Output only the stretch of the listing that starts at the line containing "股票可视化数据图表怎么做,图扑软件可视化教学" and ends at the line containing "固定资产折旧的计算公式是什么？思维导图", reproduced exactly with both ends.

• Data listing
- - -

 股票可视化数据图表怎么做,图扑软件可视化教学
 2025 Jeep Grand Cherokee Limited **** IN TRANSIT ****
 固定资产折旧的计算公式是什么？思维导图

- - -

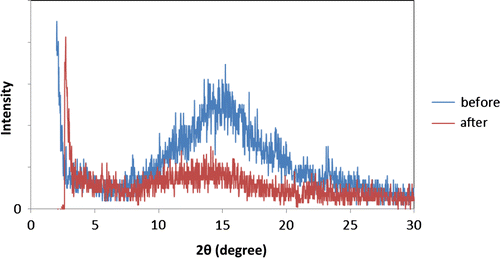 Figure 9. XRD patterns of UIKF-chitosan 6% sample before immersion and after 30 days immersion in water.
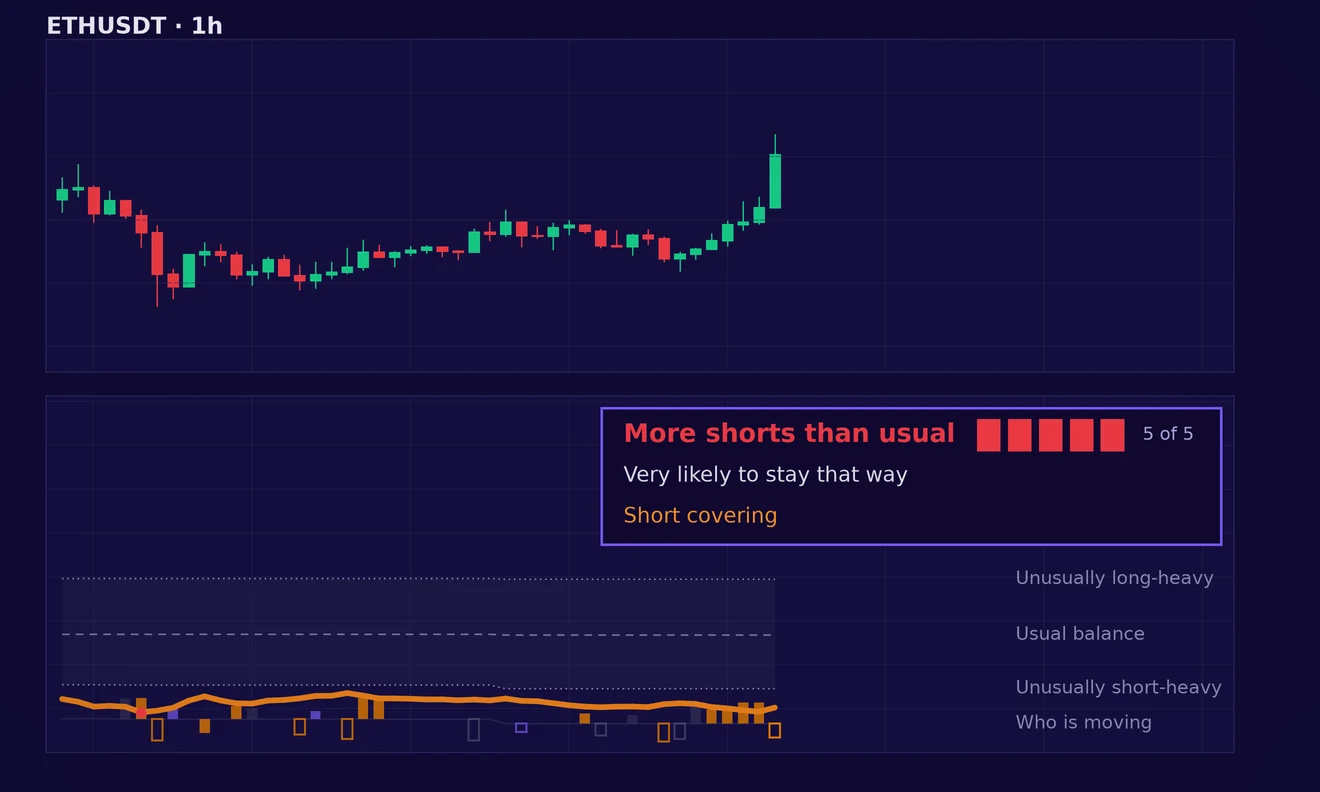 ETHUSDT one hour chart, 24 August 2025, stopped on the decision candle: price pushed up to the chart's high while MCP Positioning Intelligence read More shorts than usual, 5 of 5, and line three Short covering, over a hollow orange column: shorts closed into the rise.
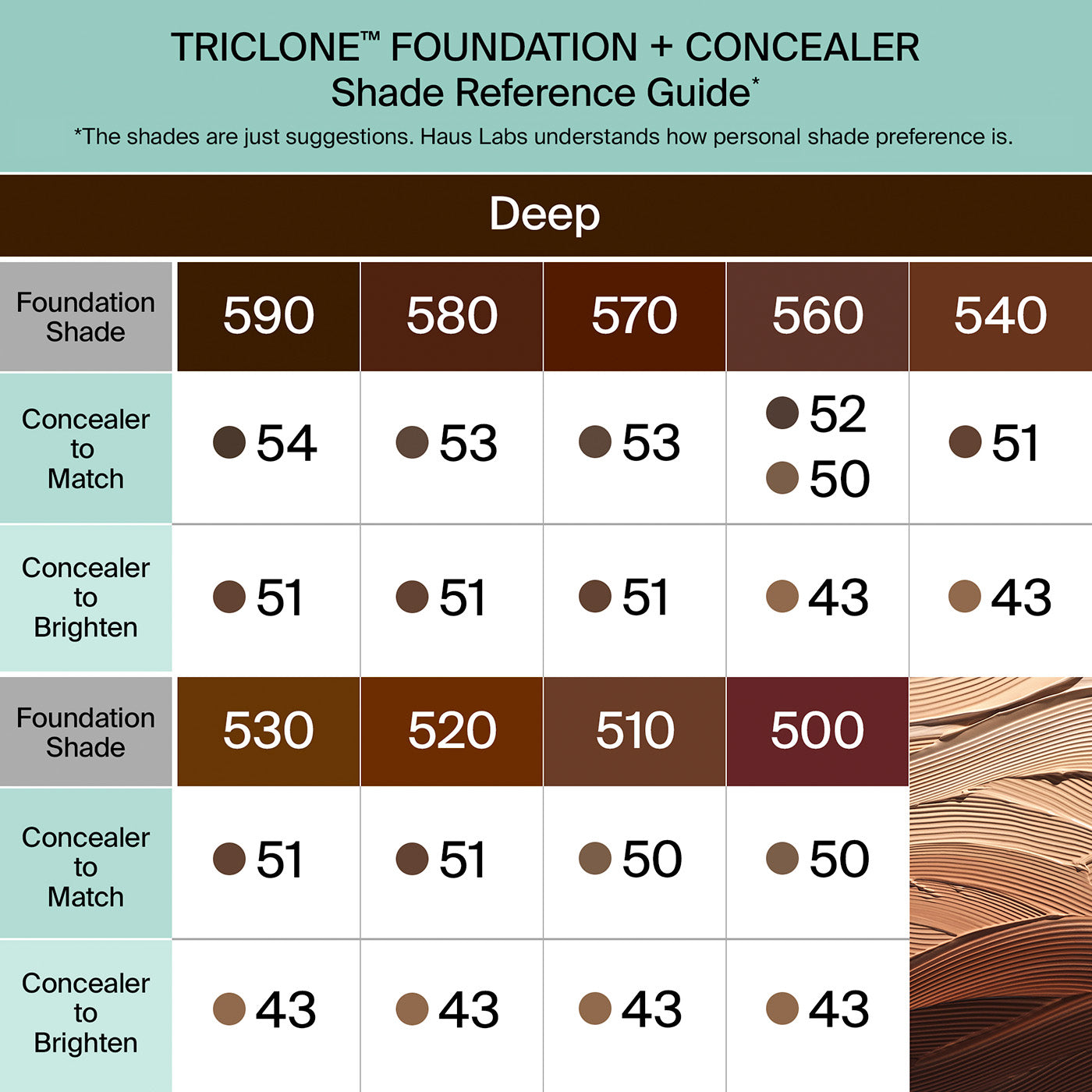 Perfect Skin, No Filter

- - -

• Response below
 股票可视化数据图表怎么做,图扑软件可视化教学
 2025 Jeep Grand Cherokee Limited **** IN TRANSIT ****
 固定资产折旧的计算公式是什么？思维导图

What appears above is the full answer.